Prolyl isomerase (also known as peptidylprolyl isomerase or PPIase) is an enzyme (EC 5.2.1.8) found in both prokaryotes and eukaryotes that interconverts the cis and transisomers of peptide bonds with the amino acid proline.[1] Proline has an unusually conformationally restrained peptide bond due to its cyclic structure with its side chain bonded to its secondary amine nitrogen. Most amino acids have a strong energetic preference for the trans peptide bond conformation due to steric hindrance, but proline's unusual structure stabilizes the cis form so that both isomers are populated under biologically relevant conditions. Proteins with prolyl isomerase activity include cyclophilin, FKBPs, and parvulin, although larger proteins can also contain prolyl isomerase domains.
Proline is unique among the natural amino acids in having a relatively small difference in free energy between the cis configuration of its peptide bond and the more common trans form. The activation energy required to catalyse the isomerisation between cis and trans is relatively high: ~20kcal/mol (cf. ~0kcal/mol for regular peptide bonds).
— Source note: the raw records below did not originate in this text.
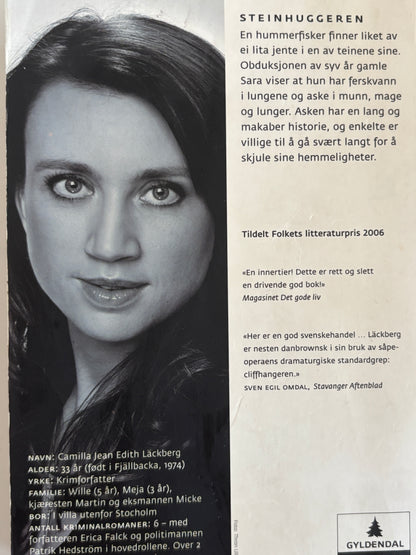 Lackberg, Camilla: Steinhuggeren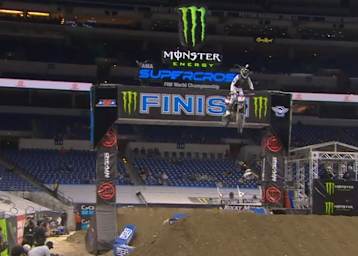 Colt Nichols holt in Indianapolis seinen dritten Sieg in Folge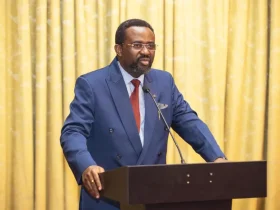 Governor of the Bank of Ghana, Dr. Johnson Asiama
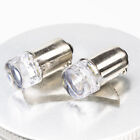 4X BA9S BAYONET WHITE LED LIGHT BULB 2SMD 2835 PARKER CAR GLOBE INTERIOR LED 12V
Unlike regular peptide bonds, the X-prolyl peptide bond will not adopt the intended conformation spontaneously, thus, the process of cis-trans isomerization can be the rate-limiting step in the process of protein folding. Prolyl isomerases therefore function as protein folding chaperones. Cis peptide bonds N-terminal to proline residues are often located at the first residue of certain types of tight turns in the protein backbone. Proteins that contain structural cis-prolines in the native state include ribonuclease A, ribonuclease T1, beta lactamase, cyclophilin, and some interleukins.
Prolyl isomerase folding can be autocatalytic and therefore the speed of folding depends on reactant concentration. Parvulin and human cytosolicFKBP are thought to catalyze their own folding processes.
Evidence for proline isomerizationEdit
Methods for identifying the presence of a rate-limiting proline isomerization process in a protein folding event include:
Activation energies consistent with proline isomerization, which typically has an activation of about 20 kcal/mol.
Two-state folding kinetics indicative of both fast-folding and slow-folding populations in the unfolded or denatured state.
"Double-jump" assays in which proline-containing proteins are unfolded and refolded, and the population of non-native proline conformations are studied as a function of the extent of folding.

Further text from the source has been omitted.